- What to do -
Set down every record below exactly as written, but leave out the pictures.

- Data shown -
____________

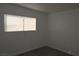 Light-filled bedroom with window, fresh paint, and new laminate flooring at 3101 E Carey Ave, North Las Vegas, NV 89030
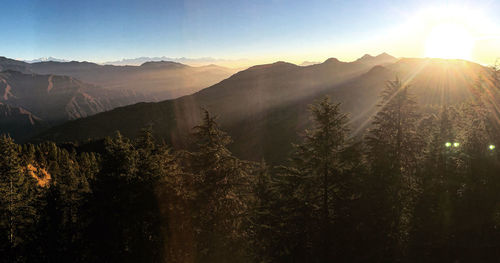 Scenic view of mountains against sky during sunset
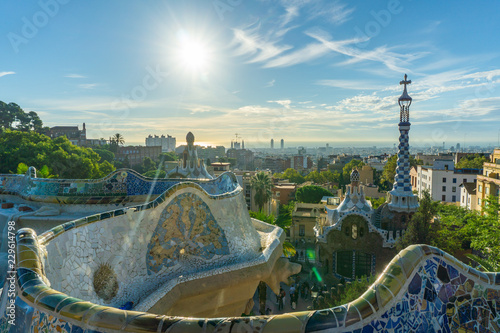 City view with a clear blue sky from the top of Park Guell in Barcelona. Park Guell is one of the famous architect Antoni Gaudi's major works. It is among the most popular tourist attractions.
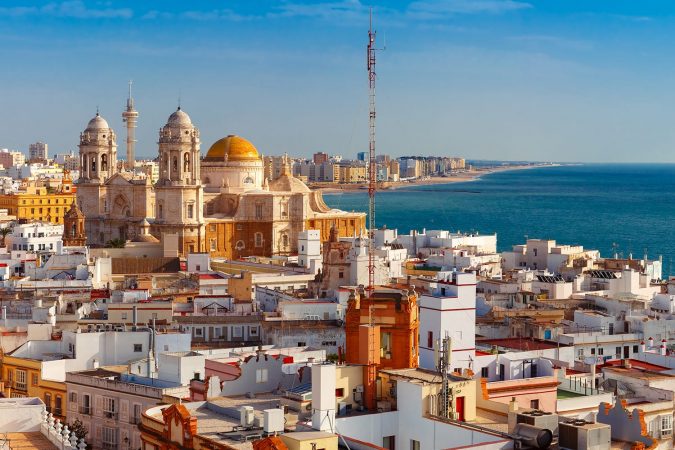 Aerial panoramic view of the old city rooftops and Cathedral de Santa Cruz in the morning from tower Tavira in Cadiz, Andalusia, Spain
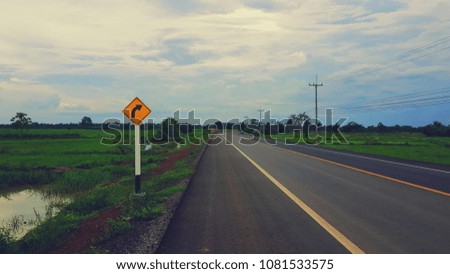 Traffic Signs with the road in the forest and the sky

____________

- Your response -
 Light-filled bedroom with window, fresh paint, and new laminate flooring at 3101 E Carey Ave, North Las Vegas, NV 89030
 Scenic view of mountains against sky during sunset
 City view with a clear blue sky from the top of Park Guell in Barcelona. Park Guell is one of the famous architect Antoni Gaudi's major works. It is among the most popular tourist attractions.
 Aerial panoramic view of the old city rooftops and Cathedral de Santa Cruz in the morning from tower Tavira in Cadiz, Andalusia, Spain
 Traffic Signs with the road in the forest and the sky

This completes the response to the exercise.